Supplied entries:
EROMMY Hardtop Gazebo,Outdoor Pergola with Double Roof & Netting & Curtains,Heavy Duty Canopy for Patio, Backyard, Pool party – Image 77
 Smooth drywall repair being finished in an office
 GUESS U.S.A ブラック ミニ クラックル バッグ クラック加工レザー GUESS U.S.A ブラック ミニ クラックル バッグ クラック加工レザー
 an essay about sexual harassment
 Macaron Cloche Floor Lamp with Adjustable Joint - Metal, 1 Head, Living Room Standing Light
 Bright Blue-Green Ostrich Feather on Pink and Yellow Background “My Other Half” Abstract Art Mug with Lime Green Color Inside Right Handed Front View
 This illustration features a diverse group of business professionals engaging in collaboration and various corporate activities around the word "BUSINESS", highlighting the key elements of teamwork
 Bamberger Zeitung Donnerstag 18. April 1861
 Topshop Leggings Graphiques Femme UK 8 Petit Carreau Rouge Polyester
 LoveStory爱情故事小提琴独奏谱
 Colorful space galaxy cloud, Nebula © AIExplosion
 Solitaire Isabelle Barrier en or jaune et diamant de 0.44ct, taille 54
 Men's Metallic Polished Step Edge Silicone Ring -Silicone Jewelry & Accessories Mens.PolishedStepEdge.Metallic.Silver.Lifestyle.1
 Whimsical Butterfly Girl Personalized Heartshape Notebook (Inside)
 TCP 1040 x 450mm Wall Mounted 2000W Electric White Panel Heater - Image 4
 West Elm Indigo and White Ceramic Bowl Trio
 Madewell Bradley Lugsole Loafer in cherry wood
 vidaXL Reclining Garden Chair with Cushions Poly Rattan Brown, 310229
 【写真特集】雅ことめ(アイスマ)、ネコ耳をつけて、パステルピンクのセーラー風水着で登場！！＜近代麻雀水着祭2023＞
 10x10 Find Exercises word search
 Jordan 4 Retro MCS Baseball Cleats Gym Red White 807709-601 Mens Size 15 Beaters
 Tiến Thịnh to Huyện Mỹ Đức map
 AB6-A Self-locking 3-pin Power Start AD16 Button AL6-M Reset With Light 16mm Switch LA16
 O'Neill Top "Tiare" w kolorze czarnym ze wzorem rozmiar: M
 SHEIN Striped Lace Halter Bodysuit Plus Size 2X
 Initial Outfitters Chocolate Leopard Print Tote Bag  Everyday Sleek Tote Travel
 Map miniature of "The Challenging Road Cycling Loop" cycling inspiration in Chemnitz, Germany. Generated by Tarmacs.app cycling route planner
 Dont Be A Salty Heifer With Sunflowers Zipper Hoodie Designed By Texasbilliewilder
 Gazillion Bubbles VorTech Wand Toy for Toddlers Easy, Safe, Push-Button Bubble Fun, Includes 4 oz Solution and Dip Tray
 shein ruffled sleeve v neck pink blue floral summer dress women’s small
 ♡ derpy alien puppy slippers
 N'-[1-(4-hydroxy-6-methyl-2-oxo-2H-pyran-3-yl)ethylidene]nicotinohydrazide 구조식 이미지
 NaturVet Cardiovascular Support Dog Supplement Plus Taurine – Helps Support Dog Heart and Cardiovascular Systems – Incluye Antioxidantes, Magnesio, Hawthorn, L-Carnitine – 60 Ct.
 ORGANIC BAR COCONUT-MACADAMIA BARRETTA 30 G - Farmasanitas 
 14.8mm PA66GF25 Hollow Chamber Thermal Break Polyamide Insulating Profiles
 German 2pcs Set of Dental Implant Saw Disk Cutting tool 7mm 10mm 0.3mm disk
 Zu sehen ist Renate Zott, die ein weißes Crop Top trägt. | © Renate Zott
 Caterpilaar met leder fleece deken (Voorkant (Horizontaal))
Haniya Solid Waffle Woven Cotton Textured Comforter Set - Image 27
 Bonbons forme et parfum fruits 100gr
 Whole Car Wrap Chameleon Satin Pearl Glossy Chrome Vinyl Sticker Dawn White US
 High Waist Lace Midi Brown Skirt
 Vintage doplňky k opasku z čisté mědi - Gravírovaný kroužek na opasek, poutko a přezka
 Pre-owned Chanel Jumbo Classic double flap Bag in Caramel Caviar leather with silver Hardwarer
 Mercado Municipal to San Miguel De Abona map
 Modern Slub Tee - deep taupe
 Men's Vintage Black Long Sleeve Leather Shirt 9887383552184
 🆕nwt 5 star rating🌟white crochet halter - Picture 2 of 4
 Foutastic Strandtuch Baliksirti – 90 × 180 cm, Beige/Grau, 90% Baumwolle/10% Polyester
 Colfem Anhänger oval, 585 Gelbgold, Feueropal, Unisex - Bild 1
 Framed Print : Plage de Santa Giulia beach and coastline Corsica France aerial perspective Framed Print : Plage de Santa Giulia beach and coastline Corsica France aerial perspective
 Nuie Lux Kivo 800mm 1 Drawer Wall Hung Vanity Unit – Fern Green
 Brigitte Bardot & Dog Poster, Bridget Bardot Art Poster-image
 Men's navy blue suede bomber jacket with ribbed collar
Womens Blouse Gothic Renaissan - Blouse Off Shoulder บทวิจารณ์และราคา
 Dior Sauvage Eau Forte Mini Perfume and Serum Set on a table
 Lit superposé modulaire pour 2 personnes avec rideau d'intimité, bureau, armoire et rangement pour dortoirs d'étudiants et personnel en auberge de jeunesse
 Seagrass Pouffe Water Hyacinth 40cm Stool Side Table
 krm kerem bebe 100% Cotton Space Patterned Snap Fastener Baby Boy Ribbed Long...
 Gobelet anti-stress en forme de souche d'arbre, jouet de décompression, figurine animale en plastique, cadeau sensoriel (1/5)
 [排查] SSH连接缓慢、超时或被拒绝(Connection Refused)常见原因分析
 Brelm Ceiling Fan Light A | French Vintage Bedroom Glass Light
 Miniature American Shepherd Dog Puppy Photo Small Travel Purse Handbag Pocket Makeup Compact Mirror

Work required:
Output the lines above between the one holding "Bonbons forme et parfum fruits 100gr" and the one holding "Foutastic Strandtuch Baliksirti", inclusive, with nothing before or after them.

Solution:
 Bonbons forme et parfum fruits 100gr
 Whole Car Wrap Chameleon Satin Pearl Glossy Chrome Vinyl Sticker Dawn White US
 High Waist Lace Midi Brown Skirt
 Vintage doplňky k opasku z čisté mědi - Gravírovaný kroužek na opasek, poutko a přezka
 Pre-owned Chanel Jumbo Classic double flap Bag in Caramel Caviar leather with silver Hardwarer
 Mercado Municipal to San Miguel De Abona map
 Modern Slub Tee - deep taupe
 Men's Vintage Black Long Sleeve Leather Shirt 9887383552184
 🆕nwt 5 star rating🌟white crochet halter - Picture 2 of 4
 Foutastic Strandtuch Baliksirti – 90 × 180 cm, Beige/Grau, 90% Baumwolle/10% Polyester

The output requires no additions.